Alors que le catastrophisme climatique gagne du terrain dans les médias, les climato-entrepreneurs commencent à développer un nouveau business très lucratif : contrôler le climat pour faire baisser la température mondiale ! Refroidir la planète ? Pas de problème ! Les ingénieurs climatiques, Zhen Dai, Frank Keutsch et David Keith ont leur tribune dans un récent article […]

Alors que le catastrophisme climatique gagne du terrain dans les médias, les climato-entrepreneurs commencent à développer un nouveau business très lucratif : contrôler le climat pour faire baisser la température mondiale !

Refroidir la planète ? Pas de problème !
Les ingénieurs climatiques, Zhen Dai, Frank Keutsch et David Keith ont leur tribune dans un récent article de Nature (1) pour promouvoir le projet « Stratospheric Controlled Perturbation Experiment » (SCoPEx).
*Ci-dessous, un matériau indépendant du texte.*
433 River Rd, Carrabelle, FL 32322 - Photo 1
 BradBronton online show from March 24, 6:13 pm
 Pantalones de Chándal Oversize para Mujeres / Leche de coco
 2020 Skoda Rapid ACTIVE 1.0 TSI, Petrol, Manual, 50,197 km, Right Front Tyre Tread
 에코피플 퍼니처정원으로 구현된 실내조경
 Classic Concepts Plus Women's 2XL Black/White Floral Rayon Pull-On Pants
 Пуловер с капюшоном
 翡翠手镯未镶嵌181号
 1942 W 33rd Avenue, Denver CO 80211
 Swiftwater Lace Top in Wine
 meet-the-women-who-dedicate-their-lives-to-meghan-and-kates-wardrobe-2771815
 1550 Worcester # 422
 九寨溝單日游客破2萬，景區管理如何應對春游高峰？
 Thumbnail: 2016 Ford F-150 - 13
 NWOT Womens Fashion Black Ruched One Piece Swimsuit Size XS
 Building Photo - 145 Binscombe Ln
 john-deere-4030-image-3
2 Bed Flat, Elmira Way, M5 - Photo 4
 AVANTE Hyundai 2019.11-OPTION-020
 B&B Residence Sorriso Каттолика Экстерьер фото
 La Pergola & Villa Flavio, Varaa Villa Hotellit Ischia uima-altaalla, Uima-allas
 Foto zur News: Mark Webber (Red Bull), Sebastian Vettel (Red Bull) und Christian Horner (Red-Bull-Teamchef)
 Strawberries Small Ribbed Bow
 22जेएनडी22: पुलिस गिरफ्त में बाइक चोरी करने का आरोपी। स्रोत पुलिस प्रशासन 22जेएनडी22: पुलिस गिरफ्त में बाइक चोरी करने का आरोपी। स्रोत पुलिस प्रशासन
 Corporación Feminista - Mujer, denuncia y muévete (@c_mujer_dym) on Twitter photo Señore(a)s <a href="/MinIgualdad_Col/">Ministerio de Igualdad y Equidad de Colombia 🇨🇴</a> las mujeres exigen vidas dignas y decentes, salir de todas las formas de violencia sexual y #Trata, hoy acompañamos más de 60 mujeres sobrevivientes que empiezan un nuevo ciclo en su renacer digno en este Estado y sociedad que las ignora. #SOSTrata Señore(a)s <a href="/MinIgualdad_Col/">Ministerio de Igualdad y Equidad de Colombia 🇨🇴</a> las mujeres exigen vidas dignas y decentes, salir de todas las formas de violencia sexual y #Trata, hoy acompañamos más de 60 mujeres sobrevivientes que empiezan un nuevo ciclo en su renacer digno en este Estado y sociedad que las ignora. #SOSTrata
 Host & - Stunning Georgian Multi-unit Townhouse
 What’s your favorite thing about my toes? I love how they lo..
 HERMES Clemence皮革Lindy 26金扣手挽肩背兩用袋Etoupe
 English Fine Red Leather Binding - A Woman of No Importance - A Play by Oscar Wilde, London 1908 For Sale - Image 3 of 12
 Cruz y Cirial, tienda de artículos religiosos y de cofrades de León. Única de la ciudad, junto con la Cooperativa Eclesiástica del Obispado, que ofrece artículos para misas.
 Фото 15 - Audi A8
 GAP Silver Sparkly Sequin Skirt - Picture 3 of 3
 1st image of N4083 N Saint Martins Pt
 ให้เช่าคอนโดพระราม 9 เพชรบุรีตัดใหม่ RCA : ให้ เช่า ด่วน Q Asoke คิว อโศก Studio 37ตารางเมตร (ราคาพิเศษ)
La première phase, un essai à 3 millions $, prévoit deux vols d’un ballon dirigeable à 20 kilomètres au-dessus du sud-ouest des États-Unis. Leur but : expérimenter dès 2019 la dispersion du carbonate de calcium dans la stratosphère pour refroidir la planète ! C’est aussi l’une des solutions évoquées il y a quelques jours lors du 20h de TF1 pour lutter contre le réchauffement climatique (2). Une communication publique semble s’être mise en route presque deux mois après le colloque très, très discret, du CNRS et de l’université de Rennes, clairement nommé Ingilaw (contraction de « ingineering » et de « law ») que nous avons couvert (3). Nous avons d’ailleurs publié un article sur ce colloque dans Nexus n°119 (disponible en kiosque et en ligne) intitulé « Le contrôle du climat, inéluctable ? ». Il était alors question des implications juridiques de la géoingénierie mondiale.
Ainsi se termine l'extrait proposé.